Ultrafast Superradiant Scintillation from Isolated Weakly Confined Perovskite Nanocrystals

Abstract

Efficiency and emission rate are two traditionally conflicting parameters in radiation detection, and achieving their simultaneous maximization can significantly advance ultrafast time-of-flight (ToF) technologies. In this study, it is demonstrated that this goal is attainable by harnessing the giant oscillator strength (GOS) inherent to weakly confined perovskite nanocrystals, which enables superradiant scintillation under mildly cryogenic conditions that align seamlessly with ToF technologies.
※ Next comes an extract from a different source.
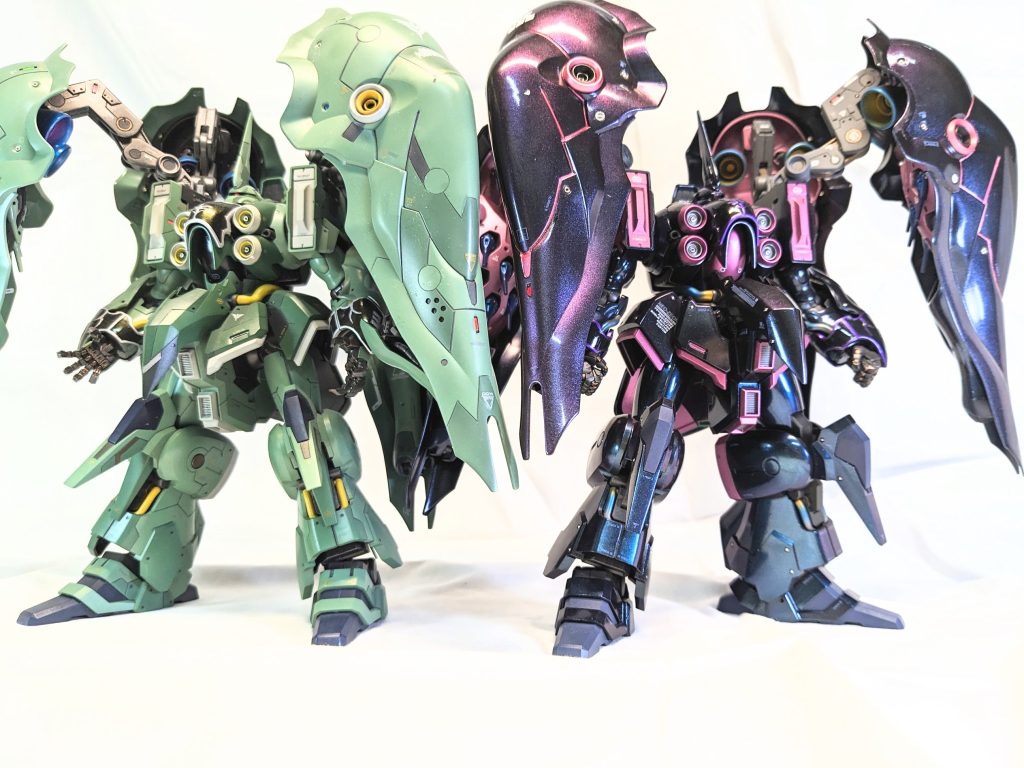 キュベレイMkⅡカラーのクシャトリヤとツーショット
It is shown that the radiative acceleration due to GOS encompasses both single and multiple exciton dynamics arising from ionizing interactions, further enhanced by suppressed non-radiative losses and Auger recombination at 80 K. The outcome is ultrafast scintillation with 420 ps lifetime and light yield of ≈10 000 photons/MeV for diluted NC solutions, all without non-radiative losses. Temperature-dependent light-guiding experiments on test-bed nanocomposite scintillators finally indicate that the light-transport capability remains unaffected by the accumulation of band-edge oscillator strength due to GOS. These findings suggest a promising pathway toward developing ultrafast nanotechnological scintillators with optimized light output and timing performance.